Souveraineté numérique : Twake, l'alternative française, ouvre le Festival #VivaIssy
Installée à Issy-les-Moulineaux depuis 2022, Linagora est l'un des principaux éditeurs français de logiciels libres. Fondée il y a plus de vingt-cinq ans par Alexandre Zapolsky et Michel-Marie Maudet, l'entreprise développe des solutions Open Source utilisées par des administrations, des collectivités et des entreprises en France comme à l'international.
Au cœur de la présentation du 9 juin figurait Twake, la « Digital Workplace » développée par Linagora. La plateforme rassemble les principaux outils du quotidien numérique : messagerie, agenda, stockage de documents, prise de notes et espaces collaboratifs. Son ambition est claire : proposer une solution européenne capable de rivaliser avec Microsoft 365 et Google Workspace tout en garantissant l'hébergement des données en France et la maîtrise du code source.
Cette démarche répond à une préoccupation devenue centrale pour de nombreux acteurs publics et privés : la souveraineté numérique. Selon Alexandre Zapolsky, la dépendance aux grandes plateformes américaines n'est plus seulement une question technologique mais également économique et stratégique. «nos clics sont nos emplois», a-t-il rappelé au cours de la rencontre, soulignant que chaque service numérique utilisé contribue à créer de la valeur, des emplois et de l'innovation dans le pays qui le développe.
Depuis plusieurs mois, administrations, collectivités et entreprises cherchent à diversifier leurs outils numériques et à reprendre le contrôle de leurs données. Linagora constate une accélération de cette demande, notamment dans les organisations qui souhaitent réduire leur dépendance historique à Microsoft. Twake se présente comme une réponse concrète à cette évolution.
L'une des démonstrations les plus remarquées concernait l'intégration de l'intelligence artificielle au sein de la plateforme. Grâce à une technologie de type RAG (Retrieval-Augmented Generation), les utilisateurs peuvent interroger leurs propres documents en langage naturel. Il devient ainsi possible de retrouver rapidement une information contenue dans un contrat, un document administratif ou un PDF, sans transmettre ces données sensibles à des services tiers. Une approche qui vise à concilier efficacité de l'IA et protection des données personnelles.
Pour les dirigeants de Linagora, la souveraineté ne pourra toutefois s'imposer que si les outils proposés sont aussi simples et agréables à utiliser que ceux des géants du numérique. « La souveraineté numérique n'existera que si les utilisateurs l'adoptent », ont-ils expliqué, défendant une approche centrée sur l'expérience utilisateur afin que les citoyens, les agents publics et les salariés choisissent ces solutions non par contrainte, mais par préférence.
Les collectivités locales constituent également une cible importante pour Linagora.
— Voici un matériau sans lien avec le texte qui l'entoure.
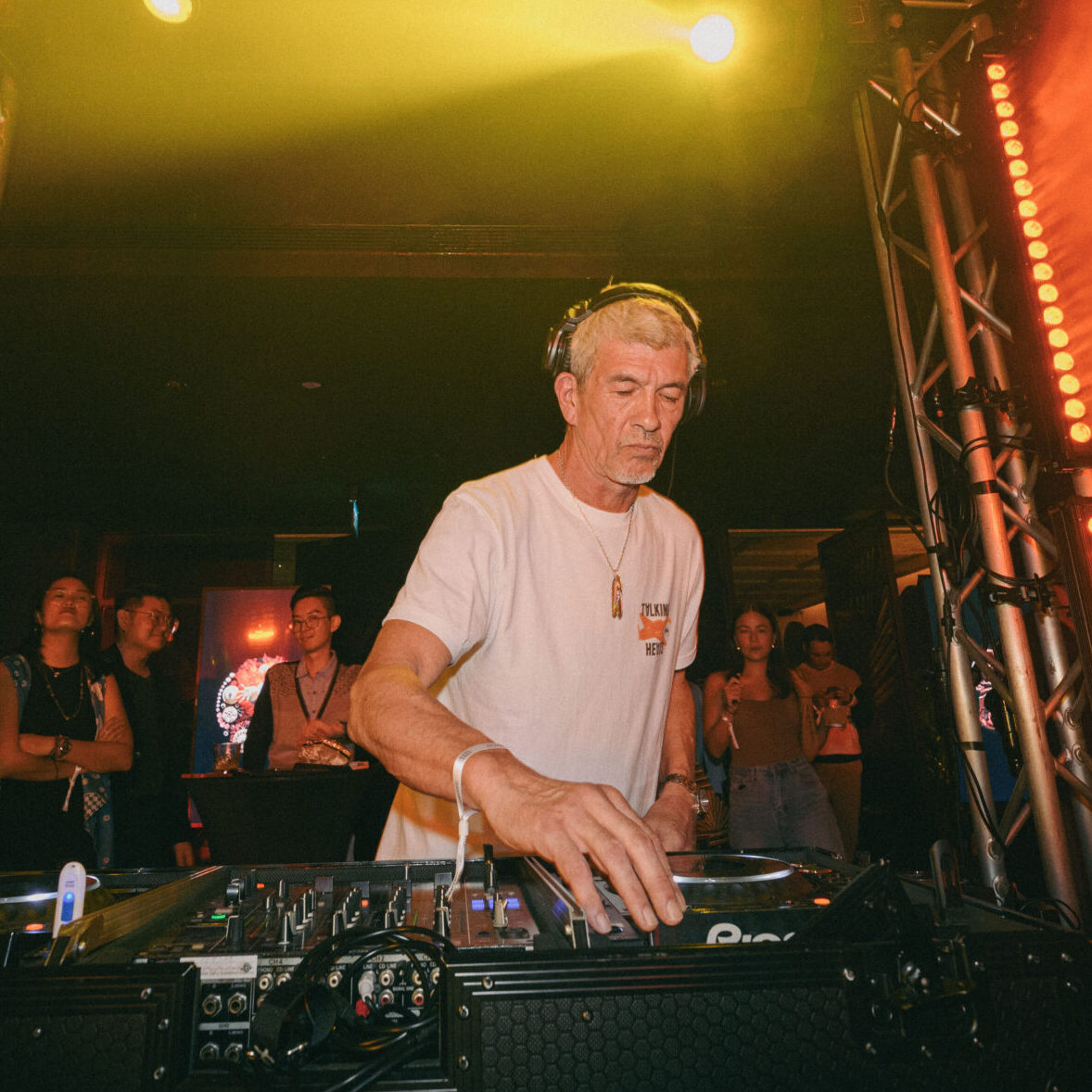 male dj in a club with a small crowd behind him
Twake intègre plusieurs « communs numériques » développés par l'État français, permettant aux administrations territoriales d'accéder à des outils collaboratifs modernes tout en conservant une logique d'indépendance technologique. Cette intégration ouvre de nouvelles perspectives pour les villes et les établissements publics qui souhaitent développer une stratégie numérique plus souveraine.
L'entreprise revendique aujourd'hui plus de 30 000 utilisateurs actifs et une croissance d'environ 500 nouveaux inscrits chaque semaine. Fidèle à la philosophie du logiciel libre, elle propose une version gratuite accessible aux citoyens tout en développant des offres professionnelles destinées aux entreprises, associations et administrations.
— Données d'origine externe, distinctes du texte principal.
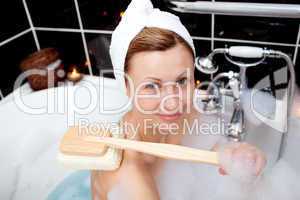 Smiling caucasian woman taking in a bubble bath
La soirée a également été marquée par un hommage à André Santini. Les dirigeants de Linagora ont rappelé le rôle déterminant qu'il avait joué dans l'implantation de l'entreprise à Issy-les-Moulineaux et dans la transformation de la Villa Good Tech en un lieu dédié à l'innovation et aux échanges sur les technologies émergentes.
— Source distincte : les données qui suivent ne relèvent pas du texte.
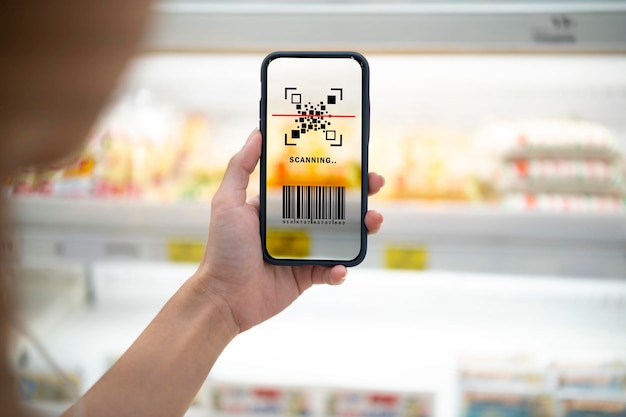 Slim retailconcept vrouwelijke handen met behulp van barcodescan voor informatie over het product in de supermarkt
Avec cette première rencontre consacrée à la souveraineté numérique, aux logiciels libres et à l'intelligence artificielle, le Festival #VivaIssy a donné le ton de son édition 2026. Une édition qui interroge moins les technologies elles-mêmes que la manière dont l'Europe, les collectivités et les citoyens peuvent reprendre la maîtrise de leur avenir numérique.